"DEBUG" builds vs "CHECKED" builds

Since this is a language project, the term "Debug" winds up having a bit of an overloaded meaning.

In an ideal world--and this ideal world will hopefully come to pass--the system will have a debugger in the interpreter for helping people diagnose their code.

But then, there is instrumentation added to the system itself--for its own debugging. Today we call that "a debug build" of the interpreter.

This is pretty standard--when you ask for a debug build of something, that means it has symbols and asserts in it. It's a known term in the development culture. Julia or Python or whoever calls their instrumented version "The Debug Build"

10.2. Building and Using a Debug Version of Python — Python Extension Patterns 0.1.0 documentation

But there is another term used in the kernel and OS world called a "checked build".

Would Calling It A "Checked Build" Be Clarifying or Confusing?

I feel like reserving the term "debug" to use for features related to what the user would call debugging of their code may make more sense--even though this may be a bit odd for a language project vs. an OS one.
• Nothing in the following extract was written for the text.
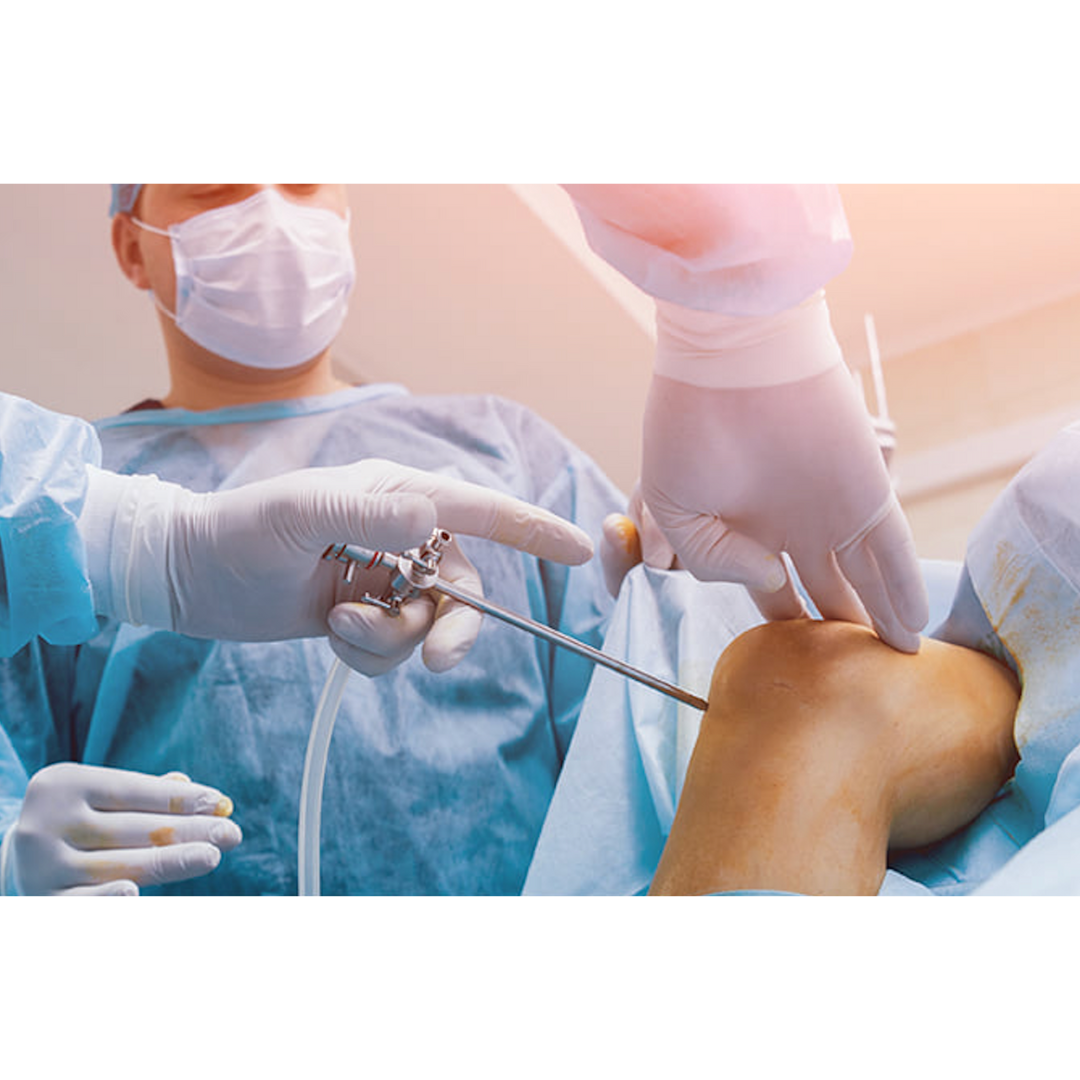 Arthroscopic Surgery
Plus the flag names make more sense. Take a flag with a name like DEBUG_UTF8_EVERYWHERE... if it were CHECK_UTF8_EVERYWHERE that sort of gives a better impression of what's going on. You're asking for instrumentation that runs independent of whether you actually are debugging anything. In fact, you can add these checks while not having any "debug symbols" in your build.

I happen to be doing some tweaks that make this a good time for such changes if they are to be made.

This sounds like a reasonable approach.